13 giugno 2008

Intervista a Massimo Magnani: Come rendere "meno africano" il mondo della corsa

Finchè le dico io certe cose .... tanto tanto ... ma se poi le si legge anche nelle parole di Massimo Magnani vuol dire che tanto fuori rotta non ero ...
Ritengo che comunque si debba e si possa discutere ma intanto leggete l'intervista, poi tirate le conclusioni e vediamo se nei prossimi giorni potremo anche scrivere qualche altra cosa di concreto e costruttiva ...

Scritto da Stefano Morselli - Redazione Podisti.Net
sabato 10 maggio 2008
Nell’intervista di aprile, Massimo Magnani aveva espresso alcune considerazioni sugli aspetti normativi ed organizzativi che potrebbero rendere “meno africano” il modo della corsa; anche alla luce dei ruoli Internazionali che Magnani ricopre, cerchiamo di capire cosa si potrebbe fare per favorire una ripresa dell’interesse generale del movimento della corsa nel Mondo.

Carissimo Massimo, ti sappiamo molto impegnato istituzionalmente, in particolare a livello internazionale, ci puoi indicare quali cariche rivesti presso la IAAF e la EEA? Mentre con la Fidal che rapporto hai?

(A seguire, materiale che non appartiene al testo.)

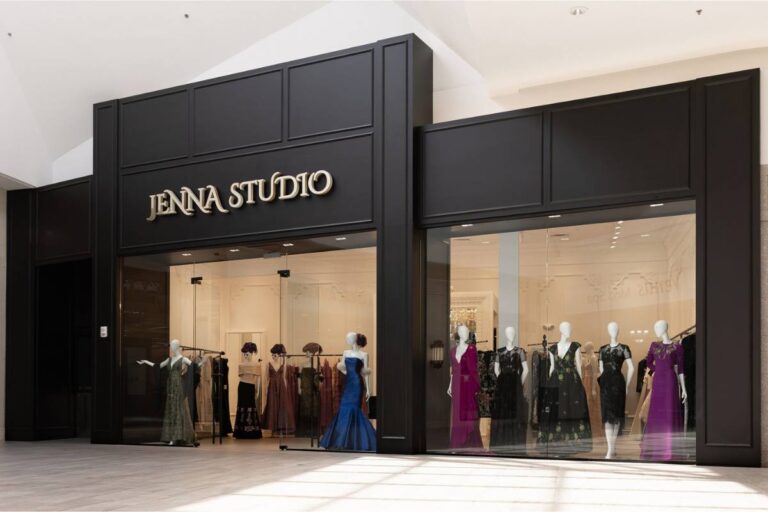 Elegant storefront of JENNA STUDIO with mannequins displaying designer dresses.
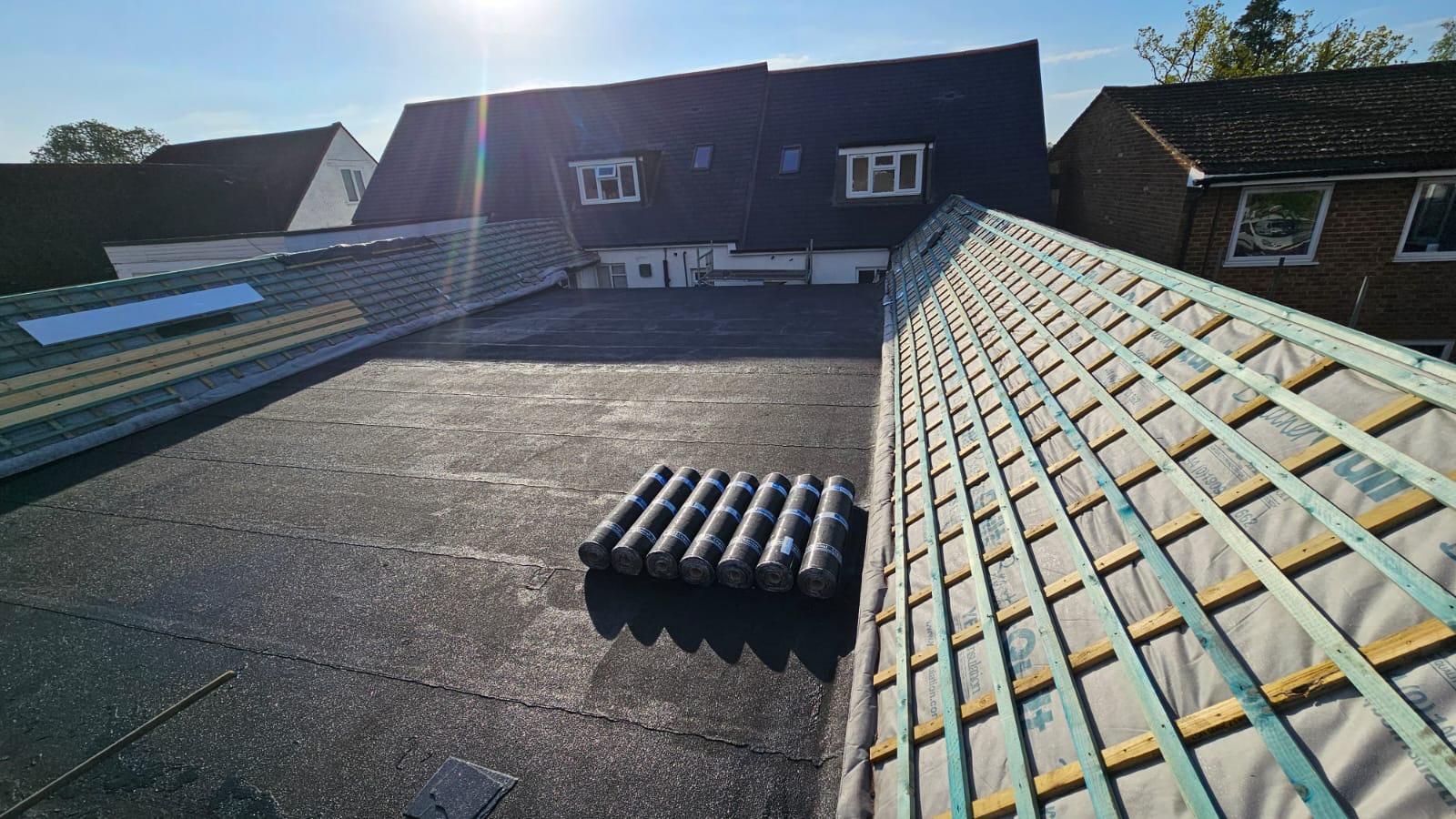 Aerial view of a large slate and felt roof mid-installation on a Surrey property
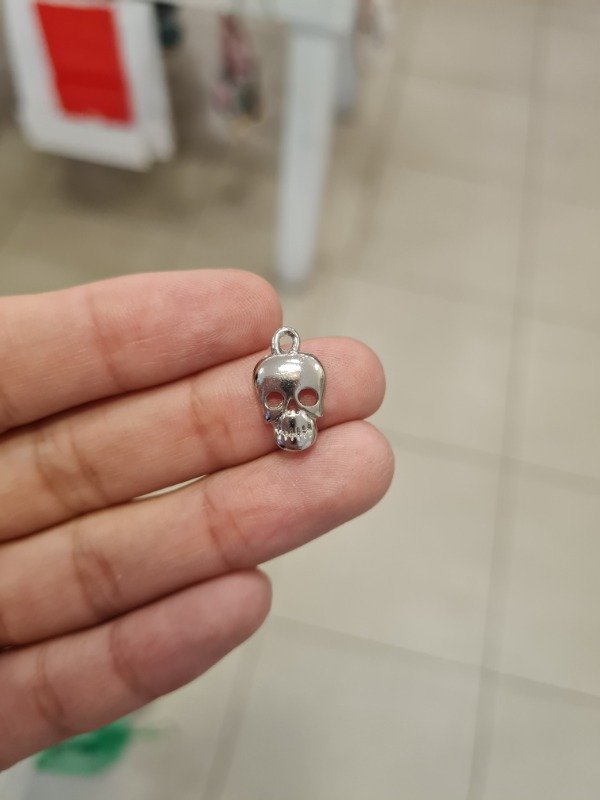 Producto - DIJE PLATEADO CALAVERA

A livello di EAA (European Athletic Association; la Federazione Europea), faccio parte della commissione del Cross, mentre per la IAAF (Federazione Mondiale) del Comitato del Cross. Sembra banale, ma fra “Commissione” e “Comitato” ci sono alcune differenze che si traducono in opportunità operative diverse. La Commissione formula proposte che vengono valutate dal Competition Committee (Comitato tecnico), il quale le propone al Consiglio dell’EAA, mentre il Comitato formula proposte che vengono esaminate e votate direttamente dal Consiglio della IAAF. Per la IAAF ho anche l’incarico di ICRO’s (International Cross and Road Offcial), in altre parole vengo chiamato come “supervisor Internazionale” per gli aspetti di verifica e controllo degli aspetti tecnici delle gare di campionato Mondiale di Cross e/o su Strada. Con la Fidal non ho alcun rapporto codificato in ambito tecnico, ma vengo frequentemente coinvolto per aspetti organizzativi; con la struttura di Prosport abbiamo collaborato all’organizzazione degli Europei di Cross di San Giorgio su Legnano e ora io sto lavorando sugli Europei Indoor di Torino 2009, dove dirigo l’Area Tecnica (cioè quella della preparazione dell’impianto e la gestione delle gare).
La corsa sembra più che mai un “African Affair”: dobbiamo rassegnarci a questa situazione o vi e’ la possibilità di trovare soluzioni tecnico/regolamentari che possano stimolare la crescita costante e numericamente significativa, di atleti bianchi capaci di competere?


Nel breve periodo, credo di sì! Oggi, tranne qualche rarissima eccezione non ci sono segnali che facciano pensare il contrario, anzi…..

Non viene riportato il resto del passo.